[Bibliosphère] Mystère Michéa – Kévin Boucaud-Victoire


Mystère Michéa

Portrait d’un anarchiste conservateur

Kévin Boucaud-Victoire

Editions de l’Escargot, 2019


Jean-Claude Michéa est un philosophe à part dans le champ des idées. Cet homme, dont la jeunesse fut marquée par l’empreinte communiste à laquelle il doit sa formation intellectuelle ainsi que sa vocation de professeur de philosophie, cet homme, fervent lecteur du socialiste George Orwell et de Karl Marx, cet homme donc, que toutes filiations devraient rattacher à la « gauche », se trouve pourtant lu et apprécié par des gens de droites – voire plus – et en même temps boudé et souvent dénigré par les gens de gauche. Un bien étrange paradoxe. C’est d’ailleurs précisément ce paradoxe qu’entreprend de dénouer Kevin Boucaud-Victoire dans Mystère Michéa, en lisant de près cet auteur que l’on cite – pour l’encenser ou le vilipender – mais sans l’avoir bien lu. Car, enfin, c’est une curieuse affaire que de faire de Michéa un réactionnaire, un penseur de droite, un compagnon de route des Zemmour, Finkielkraut et consorts – ces noms étant devenus des repoussoirs faciles, des sentences d’excommunication qui coupent court à toute réflexion – alors que chaque phrase de son œuvre plaide pour l’inverse. Kevin Boucaud-Victoire a décidément bien raison, ce Michéa semble être un sacré mystère.

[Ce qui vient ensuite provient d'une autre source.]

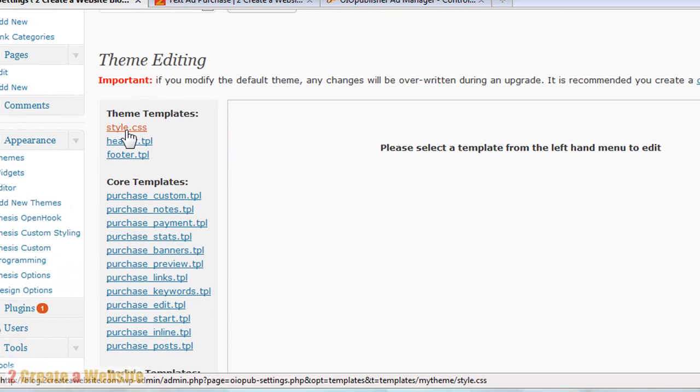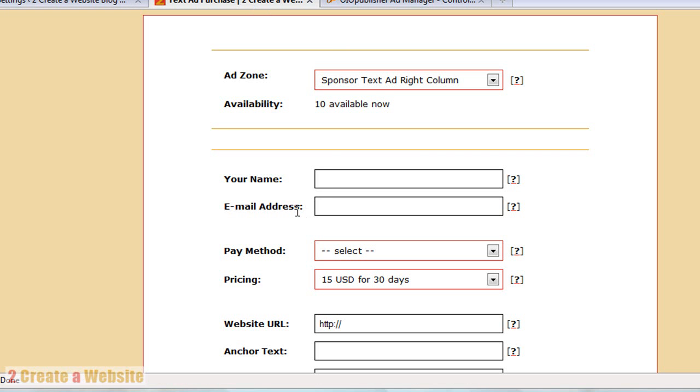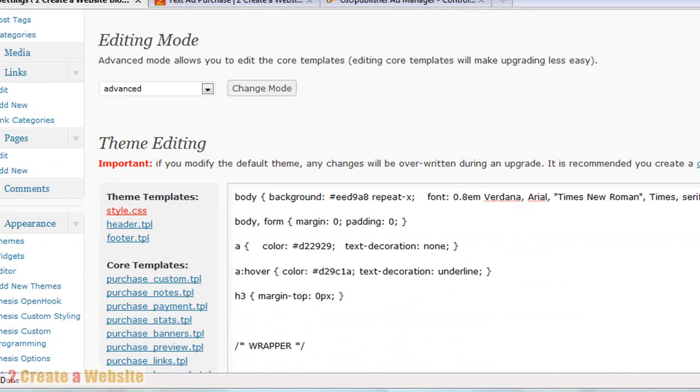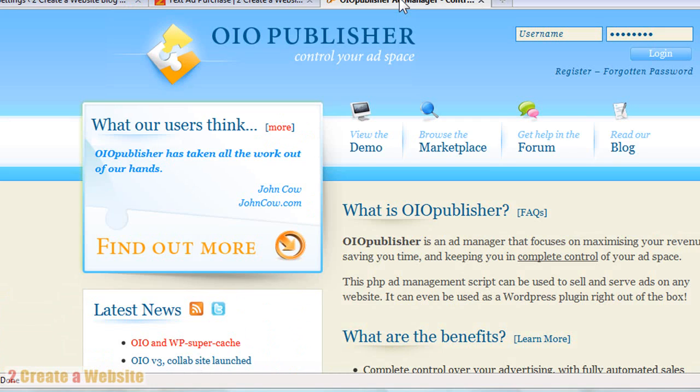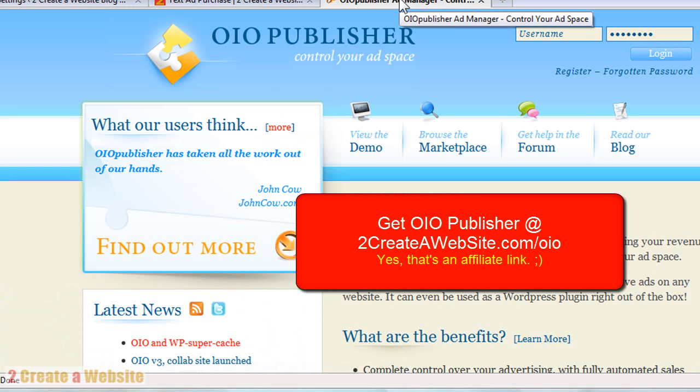So if you want to change the look of your page, see how it kind of has the same colors of my blog and my website. I did all that or I updated that by coming in here and changing the style sheet. So hopefully you guys can see that OIO Publisher is a very neat plugin.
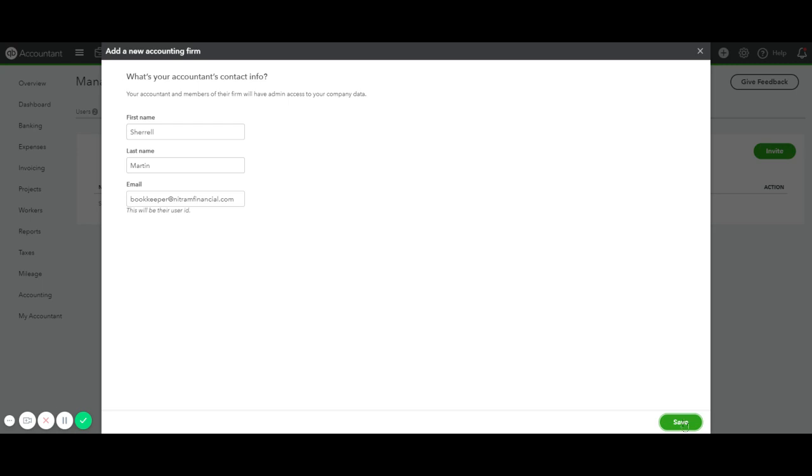So then you click Save, and once you click Save, it will send that person an invitation to add your account to their dashboard, and they can log in and accept from there. So that's how you add or remove an accountant from your QuickBooks Online file.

Le co-fondateur de l’excellente revue en ligne Le Comptoir, Kevin Boucaud-Victoire, ouvre son petit livre en rappelant le contexte du malentendu autour de la pensée de Michéa. Comment ce philosophe est devenu progressivement « l’un des chouchous d’Eric Zemmour, d’Alain Soral, de Natacha Polony, ou encore d’Alain Finkielkraut »(17) alors qu’il était critiqué sans ménagement – et parfois sans le respect et l’honnêteté minimaux de toute joute intellectuelle – par des penseurs ou intellectuels de gauche : pêle-mêle Frédéric Lordon, Luc Boltanski, Serge Halimi etc. Ce singulier renversement n’était possible qu’au prix à la fois de toute la malhonnêteté dont un intellectuel est capable, de la méprise, de la partialité et surtout de l’absence de lecture des livres de Jean-Claude Michéa. Mystère Michéa se propose donc de restaurer la pensée subtile du philosophe et d’en donner une lecture qui embrasse enfin sa cohérence. Disons-le sans barguigner : l’objectif est parfaitement atteint. Kevin Boucaud-Victoire resitue, dans un petit livre accessible qui plus est, Michéa dans l’héritage qui est le sien, et place au cœur nucléaire de sa pensée le seul mot qui, au-delà des faciles mais idiotes étiquettes de droite ou de gauche, devrait l’occuper : le socialisme.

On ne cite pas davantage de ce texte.